Hebrews chapter 12, seven to 13 talks about how God disciplines us as a father disciplines the son that he loves so that we may share in his holiness.
Deuteronomy 9:4-5. Oh, that’s a good one to read because you wonder about why there’s so much killing in the Old Testament, that’s your answer. You can read it for yourself.
Romans 8:20-21. The whole creation’s been subjected to futility, not by its own will but by the will of God. We talk about God’s will. The whole creation has been subjected to futility by the will of God in hope that it might be liberated from its bondage to decay and brought into the glorious freedom of the children of light. So futility’s a gift to keep us from destroying ourselves. Oh, as a young businessman, lot of pressure trying to balance a business, be a good husband, be a good dad, be a good steward. A lot going on.
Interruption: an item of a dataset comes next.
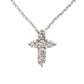 Tiny Cross Diamond Necklace- White Gold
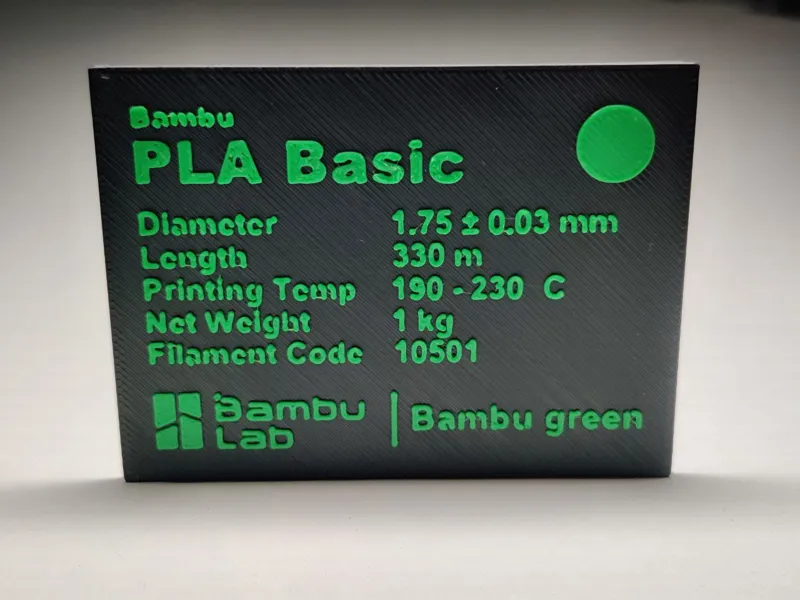 Bambu Lab Box Label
But I was too big for my britches. I was. God humbled me. He absolutely devastated me. He brought so much futility into my life that I despaired of living even myself. I thought I would’ve been better off dead. I remember driving down the road, a block or two from here. Driving down the road one day and a big bolt of lightning… Because of the way the curvature of the road worked, it looked like that big, giant bolt of lightning had struck right in the middle of the road where I was driving. Although actually, it curved away. But it looked like the bolt of lightning, if I had been a quarter of a mile further down the road, that big, giant bolt of lightning… I was so in despair, I wished that I had been driving a little faster that day. I ached to be taken out by that bolt of lightning.
That futility has been God’s gift to me. It’s the thing that has anchored me in the gospel of Jesus Christ.
Second Corinthians 4:16-17. These temporary sufferings that we have, that’s what the Bible calls them. They are achieving for us an eternal glory that far outweighs them all.
Then let’s look at Psalm 119 verses 67 and 72 and 75. Let’s look that up together, if you want to. Psalm 119 verse 67, and I just love this so much. This is David. It’s another reason that we suffer. He says in verse 67, “Before I was afflicted, I went astray. But now I obey your word.” Verse 72, “It was good for me to be afflicted so that I might learn your decrees.” Verse 75, “I know, Lord, that your laws are righteous and that in faithfulness, you have afflicted me.” These are some of the reasons that we suffer. So that’s why we’re saying this Big Idea that suffering’s inevitable. But you will not be facing it alone.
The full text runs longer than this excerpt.